Movie Breakdown: Fresh (Noah)
Pre-Screening Stance:
Everything I’ve seen involving this movie leaves an oil slick of creepiness on my heart. Which is a good thing. Especially when that oil slick involves Sebastian Stan and Daisy Edgar-Jones.
Post-Screening Ramble:
I think there’s a good metaphor somewhere buried in the freak-fest that is Fresh. I think there’s something to be said about the horrors of dating in the modern world and how women are, more often than not, still viewed as just objects to contain, or throw dick pics at, or to pummel with all of your most abhorrent behavior. I just don’t know if director Mimi Cave ever actually gets to it. Instead, Fresh is a decidedly horrifying film about a relationship that goes very, very badly.
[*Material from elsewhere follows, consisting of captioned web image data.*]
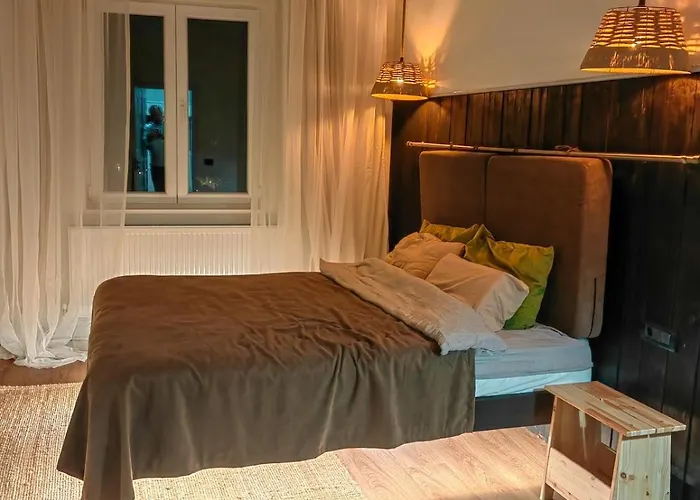 Little United Kingdom Embassy Appartement Boekarest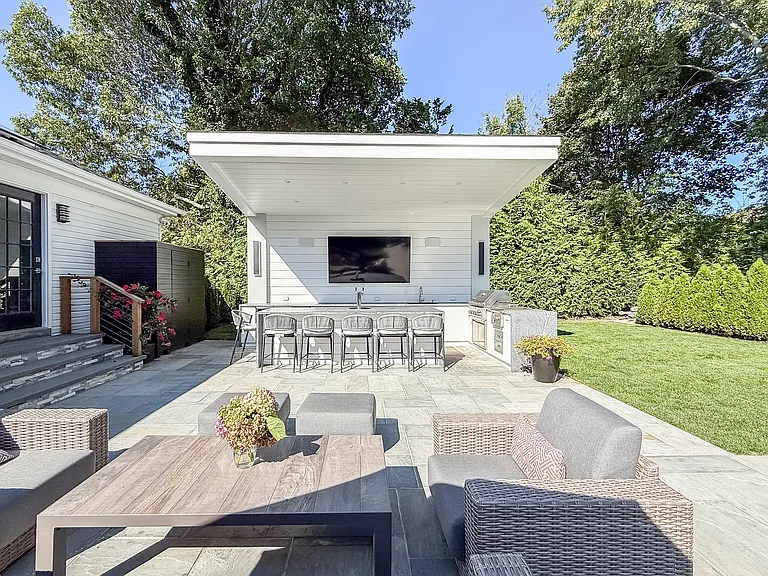 121 Ponquogue Ave #C — Photo 28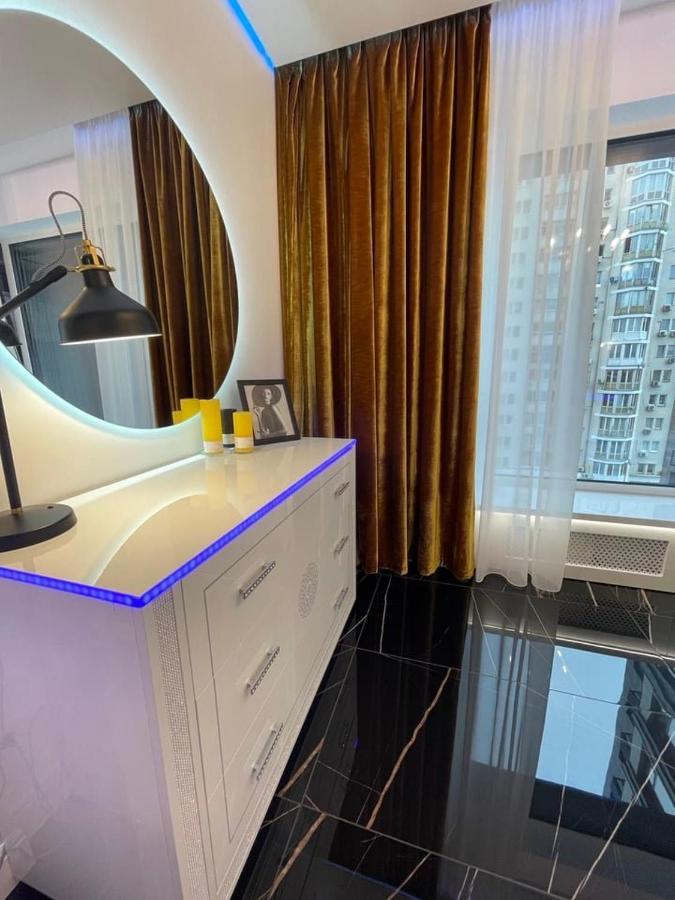 1 65m2 Center Of Obolon Near River Side.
Daisy Edgar-Jones plays Noa, a sort of late game millennial struggling with the world of dating and with her own role in life. Sebastian Stan plays Steve, an off-kilter, grocery store pick-up that goes so right before a weekend trip away goes decidedly wrong. There’s a wicked streak of dark humor that runs through the film – a needed one with the subject matter at hand – and Stan is pretty great as a bad, bad man who’s convinced himself otherwise. But, amidst all the super tight close-ups of mouths and swelling 80s jams and gore-soaked horror montages, the deeper message I think Mimi Cave is trying to get at never really surfaces. Instead this a solid b-movie with a touch of something better hanging on the edges.
One Last Thought:
The horrific part of this film for me isn’t the actual grossness on display, it’s me trying to cope with the lives these fictional characters are going to live in the aftermath of their injuries. Yeesh.